Researchers are also pursuing the use of NLP approaches to support mental health diagnoses in non-clinical settings. Amongst 399 reviewed papers on machine and deep learning methods in mental health detection, 81% of these papers utilized social media as their source. For example, De Choudhury and his colleagues developed a classifier to estimate the risk of depression and utilized this to analyze interactions between Twitter users. It was found that depressed Twitter users were more likely to tweet late at night and respond less to other users’ tweets. Because of clear distinctions in behavior on social media between individuals without depression and individuals with depression, these NLP techniques could potentially support more rigorous therapy-based intervention.

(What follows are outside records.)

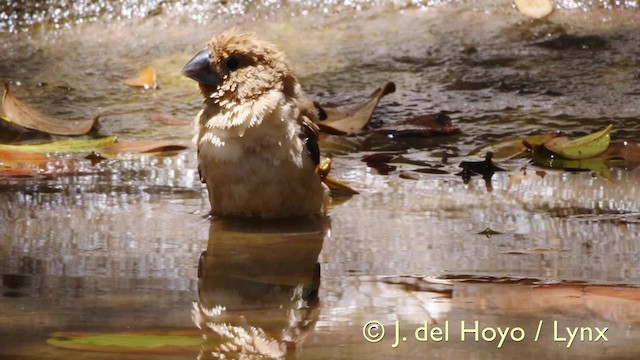 African Silverbill - ML201579441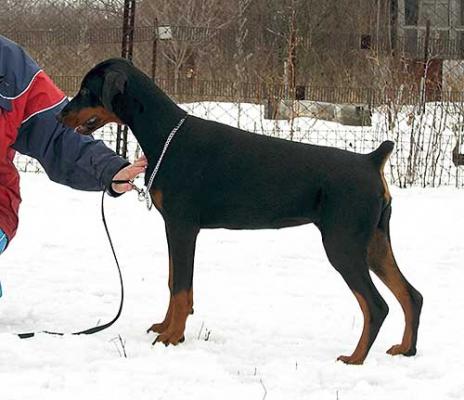 Eria Pro Kamilla Kantate | Black Doberman Pinscher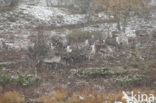 Reindeer (Rangifer tarandus tarandus)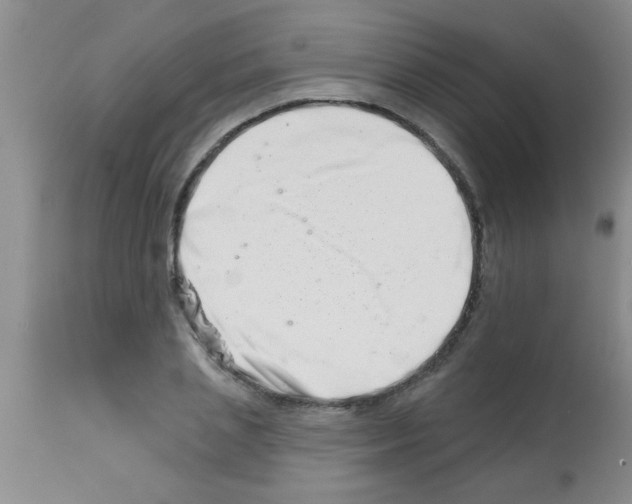 X0000113200837200910221038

NLP in Non-Clinical Settings
NLP may be implemented into non-clinical settings—like mobile applications and in-home smart speakers—to collect more granular data of a person’s speech and (at least somewhat) accurately predict if an individual is at risk for depression. This is useful for elderly patients who are unable to visit doctor’s offices and this system could passively monitor patients with mild cognitive impairments. For example, when elderly patients interact with Amazon Alexa or Google Home, their speech could be tracked to determine if they are at risk for mild cognitive impairment or depression. The speech could be measured in between doctor visits without interfering with the patient’s life.
Evidently, there are ethical concerns in the use of NLP for mental health diagnosis. There is a danger of clinical abuse as it is questionable how ethical it is to use models to entirely diagnose someone with a mental health disorder like psychosis. Furthermore, with the recent use of studies with extensive amounts of data from social media, it could be considered a violation of confidentiality. Users online may not have full and informed consent on using this data for future early diagnostic tools. Machine learning and NLP tools should not replace the patient-clinician relationship, rather they should enhance it.